* [Excerpted records]

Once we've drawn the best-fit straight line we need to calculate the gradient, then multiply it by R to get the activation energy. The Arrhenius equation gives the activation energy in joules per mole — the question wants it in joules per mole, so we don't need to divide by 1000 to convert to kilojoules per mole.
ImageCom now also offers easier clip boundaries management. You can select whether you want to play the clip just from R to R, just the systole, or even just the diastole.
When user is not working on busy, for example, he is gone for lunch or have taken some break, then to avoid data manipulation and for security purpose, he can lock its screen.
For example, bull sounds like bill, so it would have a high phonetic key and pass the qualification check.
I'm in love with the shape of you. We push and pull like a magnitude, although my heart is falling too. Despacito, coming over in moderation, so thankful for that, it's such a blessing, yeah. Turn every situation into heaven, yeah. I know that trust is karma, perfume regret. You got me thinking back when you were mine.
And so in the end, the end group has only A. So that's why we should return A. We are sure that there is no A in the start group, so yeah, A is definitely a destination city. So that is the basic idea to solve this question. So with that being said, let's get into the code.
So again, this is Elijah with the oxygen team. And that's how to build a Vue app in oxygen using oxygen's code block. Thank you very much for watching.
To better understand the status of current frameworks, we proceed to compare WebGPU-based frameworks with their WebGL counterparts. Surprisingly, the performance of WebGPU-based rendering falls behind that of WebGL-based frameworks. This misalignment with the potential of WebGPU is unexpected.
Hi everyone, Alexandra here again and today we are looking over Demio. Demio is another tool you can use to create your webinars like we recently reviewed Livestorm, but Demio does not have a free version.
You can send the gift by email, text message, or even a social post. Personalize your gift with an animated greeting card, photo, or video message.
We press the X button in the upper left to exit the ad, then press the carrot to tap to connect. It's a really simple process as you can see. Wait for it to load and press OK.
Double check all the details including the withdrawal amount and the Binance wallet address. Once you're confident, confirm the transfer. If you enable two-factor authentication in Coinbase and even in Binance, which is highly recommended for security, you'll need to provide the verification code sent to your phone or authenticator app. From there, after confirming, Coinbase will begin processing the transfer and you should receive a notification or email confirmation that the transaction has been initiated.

* [What is required]
Look above for the line containing "For example, bull". Output from there through the line containing "I'm in love", exactly and inclusively.

* [Your solution]
For example, bull sounds like bill, so it would have a high phonetic key and pass the qualification check.
I'm in love with the shape of you. We push and pull like a magnitude, although my heart is falling too. Despacito, coming over in moderation, so thankful for that, it's such a blessing, yeah. Turn every situation into heaven, yeah. I know that trust is karma, perfume regret. You got me thinking back when you were mine.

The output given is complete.